**Work item:** Line by line, return the listing exactly, without any of the images.

- - - - - - -

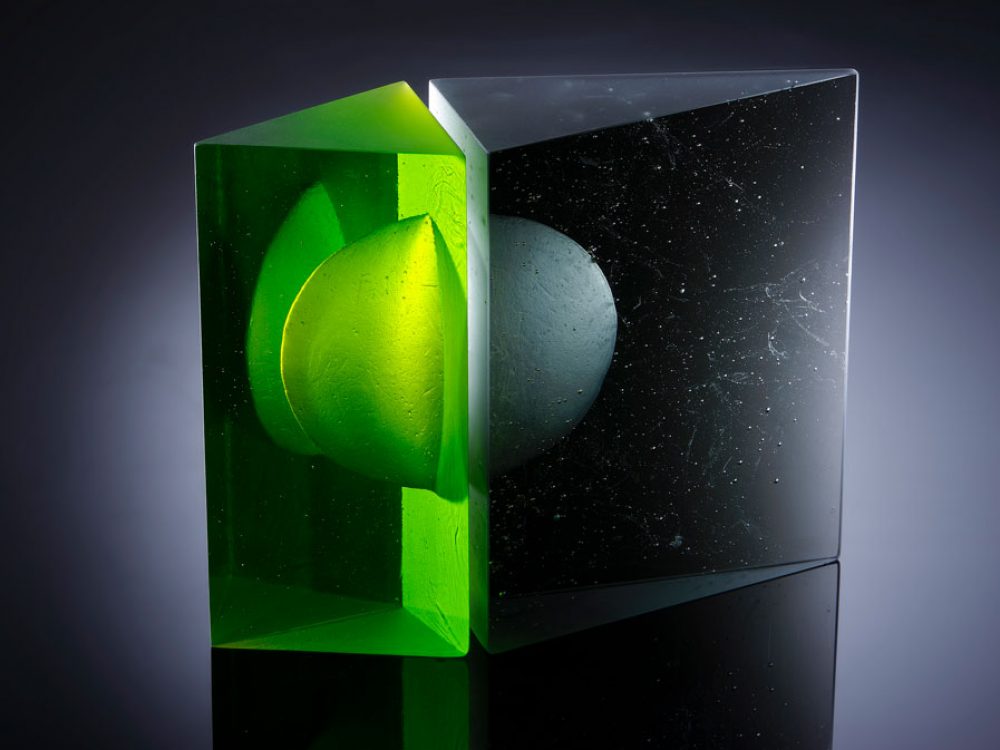 Parallel-Verve-ll.-cast-glass-with-internal-lens.-2015-Fiaz-Elson-jpg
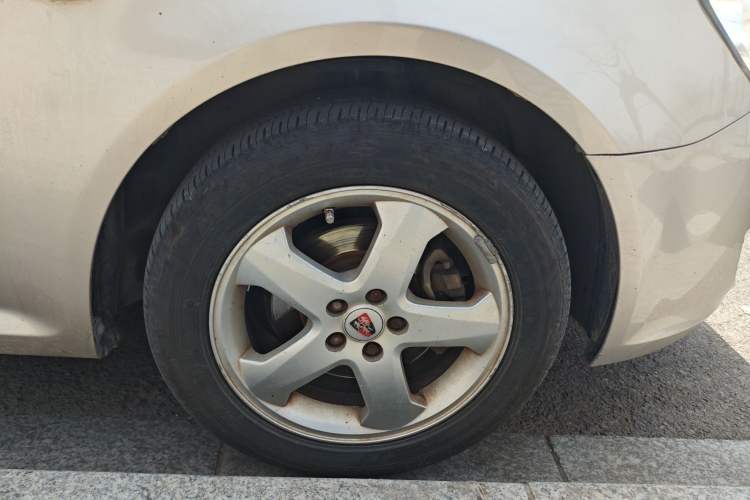 Used Roewe 350 2013 350C 1.5L Manual Swift Edition Right Front Wheel Hub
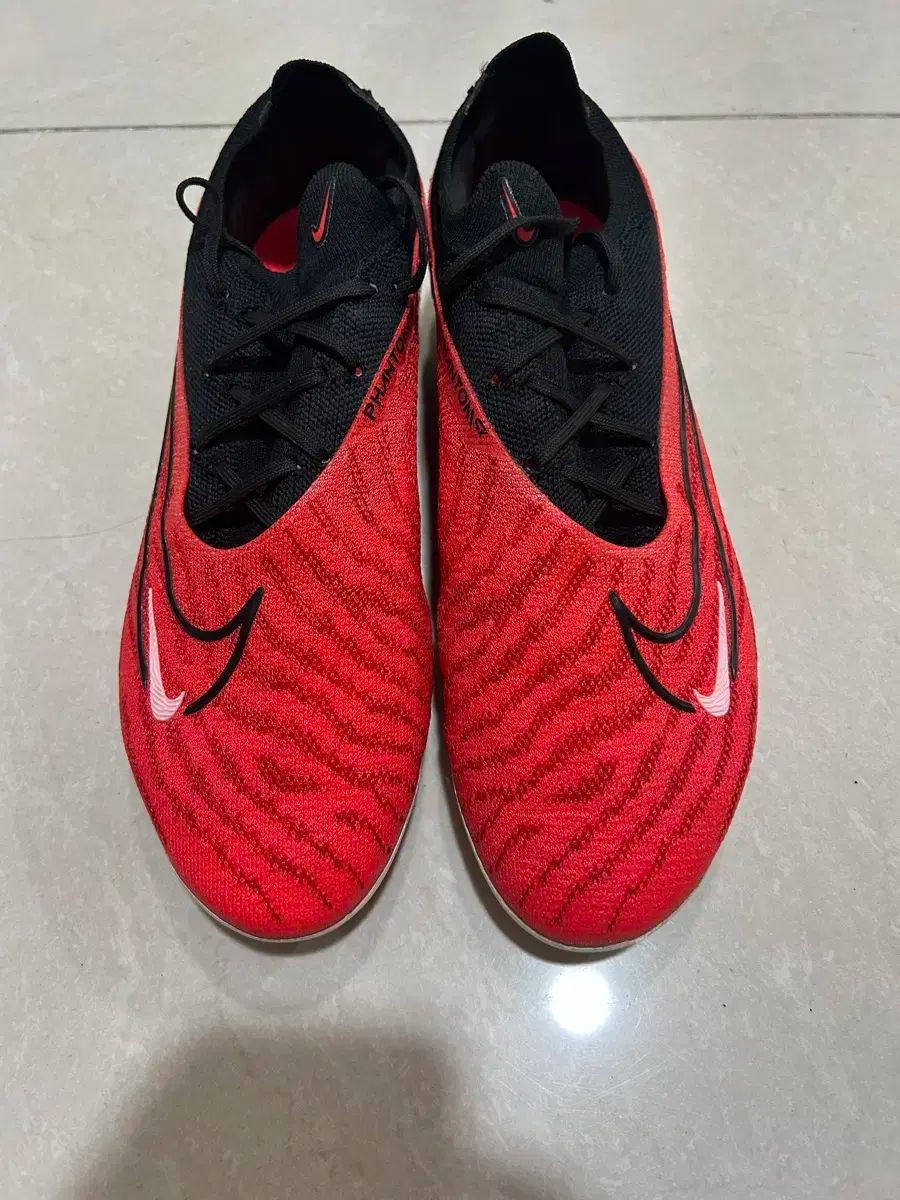 ナイキ ファントムGX AG 270 ボスニア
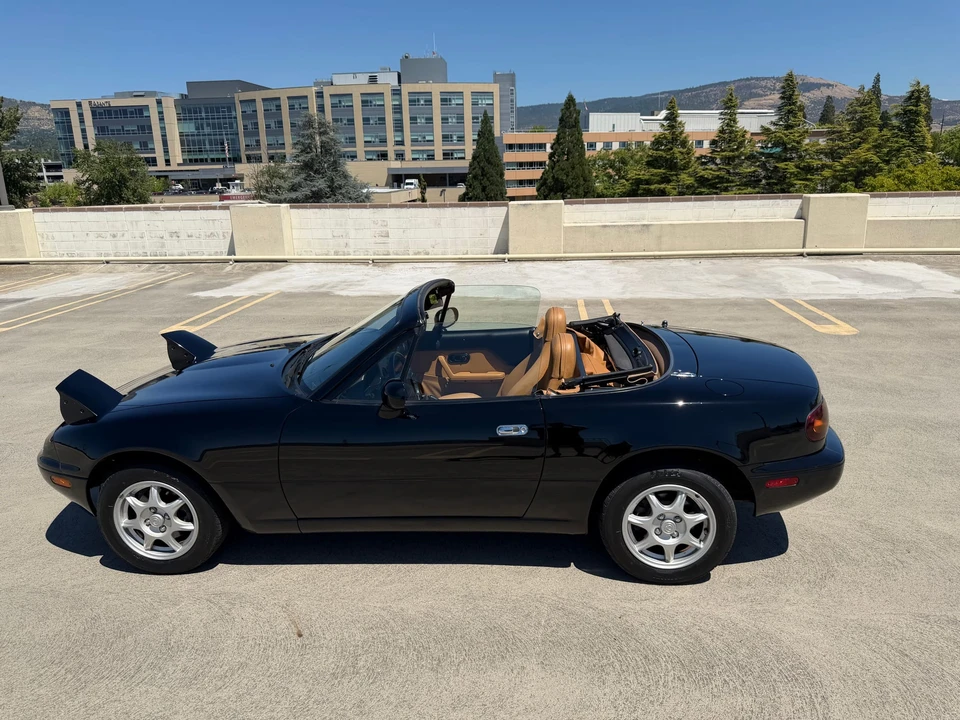 1997 Mazda NA MX-5 Miata - Image 8 of 31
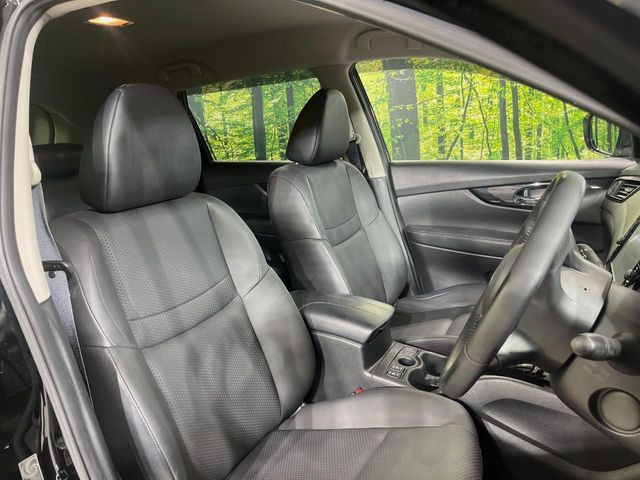 【防水シート】スノボやダイビング等でありがちな汚れや濡れも心配無用の防水シート♪雨の日に傘や荷物でシートが濡れたり、飲み物をこぼしたりした時もサッと拭いてきれいになるから大助かり♪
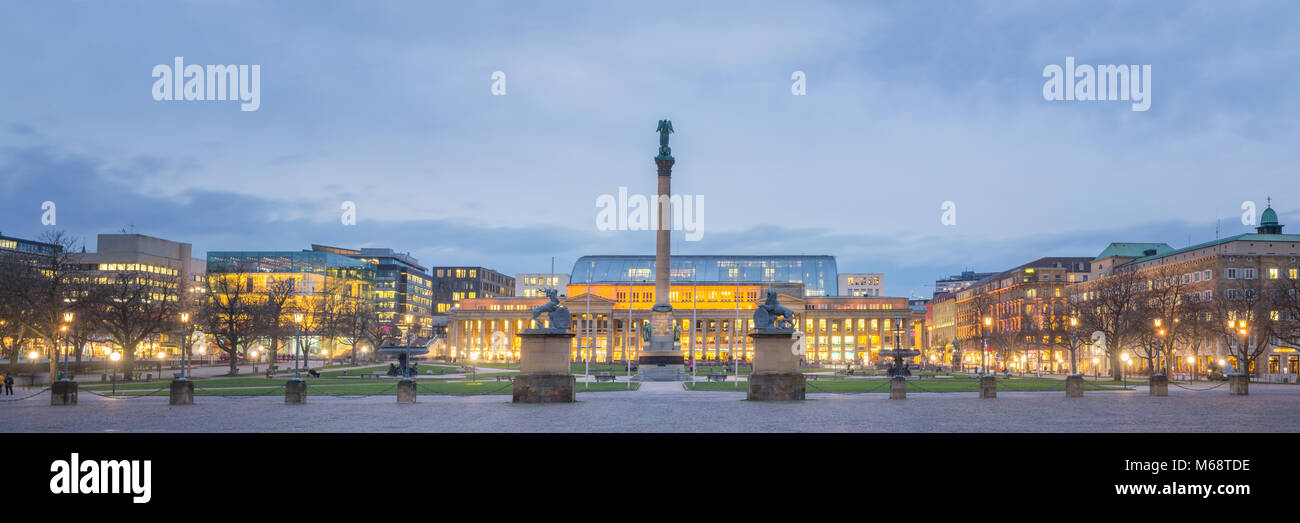 Panorama de Stuttgart Schlossplatz al atardecer Foto de stock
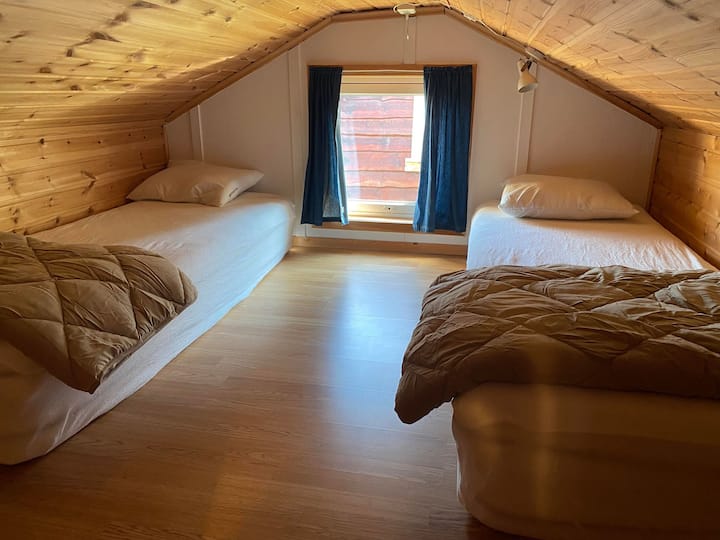 Chumba cha kulala 3 chenye magodoro ya ghorofa 4.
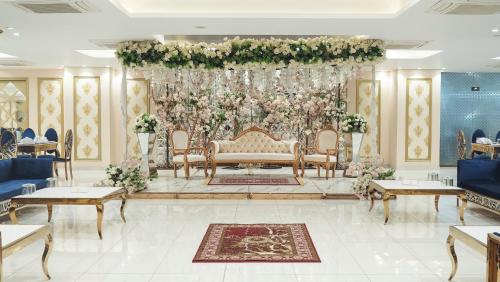 Faletti's Express - Shimla Hill in 拉合爾 Faletti's Express - Shimla Hill in 拉合爾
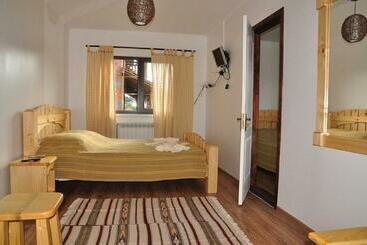 هاستل Pogar Inn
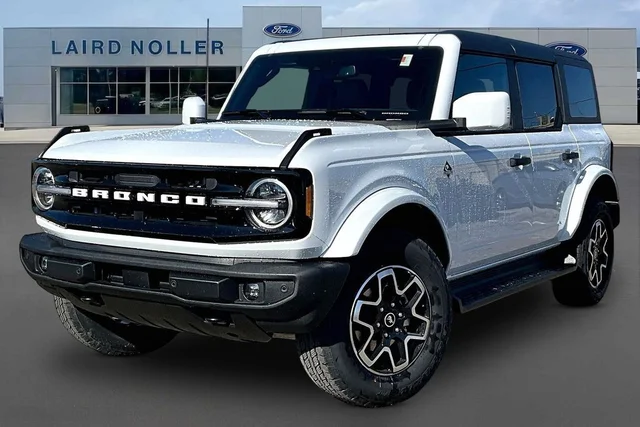 2026 Ford Bronco Outer Banks®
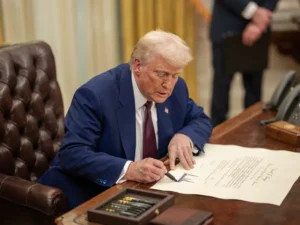 Historyczny przełom w USA: Podpis Trumpa zakończył rekordowo długi paraliż rządu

- - - - - - -

**Written reply:**
 Parallel-Verve-ll.-cast-glass-with-internal-lens.-2015-Fiaz-Elson-jpg
 Used Roewe 350 2013 350C 1.5L Manual Swift Edition Right Front Wheel Hub
 ナイキ ファントムGX AG 270 ボスニア
 1997 Mazda NA MX-5 Miata - Image 8 of 31
 【防水シート】スノボやダイビング等でありがちな汚れや濡れも心配無用の防水シート♪雨の日に傘や荷物でシートが濡れたり、飲み物をこぼしたりした時もサッと拭いてきれいになるから大助かり♪
 Panorama de Stuttgart Schlossplatz al atardecer Foto de stock
 Chumba cha kulala 3 chenye magodoro ya ghorofa 4.
 Faletti's Express - Shimla Hill in 拉合爾 Faletti's Express - Shimla Hill in 拉合爾
 هاستل Pogar Inn
 2026 Ford Bronco Outer Banks®
 Historyczny przełom w USA: Podpis Trumpa zakończył rekordowo długi paraliż rządu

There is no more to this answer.